Huan She stürzte die Sanddüne hinunter und landete mit dem Gesicht nach unten im Sand. Er konnte sich nicht aufrichten, sein ganzer Körper zitterte vor Schmerzen. Er war noch bei Bewusstsein; als Li Weiying zu ihm kam, konnte er noch leise lachen, aber er konnte nicht sprechen und hustete mundvoll Sand aus. Mit Tu Xizhuo'ers Hilfe setzte sie ihn auf und klopfte und bürstete ihm dabei immer wieder den Sand ab. Huan She lachte, als er in Ohnmacht fiel.

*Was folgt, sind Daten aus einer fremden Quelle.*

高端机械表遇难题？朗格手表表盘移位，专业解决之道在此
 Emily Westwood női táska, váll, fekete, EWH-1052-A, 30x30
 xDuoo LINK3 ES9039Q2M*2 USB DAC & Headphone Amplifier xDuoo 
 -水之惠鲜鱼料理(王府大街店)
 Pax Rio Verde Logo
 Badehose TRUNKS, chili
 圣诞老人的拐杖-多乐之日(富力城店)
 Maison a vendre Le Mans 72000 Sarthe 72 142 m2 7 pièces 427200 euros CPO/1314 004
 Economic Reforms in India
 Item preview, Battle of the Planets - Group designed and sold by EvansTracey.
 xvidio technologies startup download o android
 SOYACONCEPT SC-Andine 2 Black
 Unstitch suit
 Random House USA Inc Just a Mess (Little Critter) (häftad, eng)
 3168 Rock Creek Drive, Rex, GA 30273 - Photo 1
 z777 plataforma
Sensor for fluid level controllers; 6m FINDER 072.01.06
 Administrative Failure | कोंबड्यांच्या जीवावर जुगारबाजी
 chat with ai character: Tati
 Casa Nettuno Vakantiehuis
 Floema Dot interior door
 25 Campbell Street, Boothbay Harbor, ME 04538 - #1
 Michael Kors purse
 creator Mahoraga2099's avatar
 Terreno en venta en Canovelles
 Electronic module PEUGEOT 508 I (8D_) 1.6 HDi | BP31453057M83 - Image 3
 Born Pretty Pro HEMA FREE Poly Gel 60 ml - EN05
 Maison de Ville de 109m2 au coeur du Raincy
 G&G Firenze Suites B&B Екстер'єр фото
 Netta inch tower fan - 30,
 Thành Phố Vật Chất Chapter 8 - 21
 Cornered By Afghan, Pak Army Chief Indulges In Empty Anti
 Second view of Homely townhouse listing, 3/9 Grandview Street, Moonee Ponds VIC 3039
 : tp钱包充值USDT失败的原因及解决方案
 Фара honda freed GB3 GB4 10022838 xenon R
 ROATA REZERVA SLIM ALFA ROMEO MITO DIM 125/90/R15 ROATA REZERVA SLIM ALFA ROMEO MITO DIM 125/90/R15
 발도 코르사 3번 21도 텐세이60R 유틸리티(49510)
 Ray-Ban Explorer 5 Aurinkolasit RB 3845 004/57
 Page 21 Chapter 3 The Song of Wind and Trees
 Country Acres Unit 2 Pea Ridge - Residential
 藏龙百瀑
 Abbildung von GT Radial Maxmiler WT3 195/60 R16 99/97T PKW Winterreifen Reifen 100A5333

Als er wieder erwachte, brachte sie ihm tatsächlich eine Schale mit süßer Kamelmilch: „Zwei Kamele haben letzte Nacht gekalbt, und es sind beide weiße Kamele!“ Huan She lächelte bitter: „Bin ich etwa schon wieder die ganze Nacht ohnmächtig gewesen?“ Er dachte bei sich, dass er die ganze Nacht nur vom Hinfallen bewusstlos gewesen war und sein Gesundheitszustand sich wohl von Tag zu Tag verschlechterte. Sie tröstete ihn: „Du bist erschöpft, du hast nur eine Nacht geschlafen.“ Sie gab ihm die Kamelmilch zu trinken: „Aber die Kamelmütter schienen die Babys, die ihnen nicht ähnlich sahen, nicht zu mögen. Sie weigerten sich, sich um die Kälber zu kümmern und bespuckten und traten sogar die anderen Kamele. Es kostete sie viel Kraft, die Kälber zu melken und zu füttern.“ Huan She war sehr beunruhigt: „Ich muss die Kamelmütter erschreckt haben.“ Sie tröstete ihn: „Vielleicht haben die beiden Kamele zum ersten Mal gekalbt, deshalb waren sie wohl etwas launisch. Die Kälber sind sehr süß, willst du sie sehen?“ Huan She lehnte sich an ihre Schultern und ging zur Kamelherde. Tatsächlich sah sie zwei kleine weiße Kamele mit langen, blinzelnden Wimpern, großen, wässrigen Augen und schlanken Gliedmaßen, die sehr liebenswert waren. Wildkamele sind von Natur aus größer und schlanker als Hauskamele, wodurch diese beiden neugeborenen weißen Kamelkälber außergewöhnlich schön aussahen. Huan She lobte: „Sie haben eine außergewöhnliche Statur …“ Li Weiying fügte hinzu: „Sie sind hervorragende Kandidaten für Kampfsport!“ Die beiden lachten zusammen.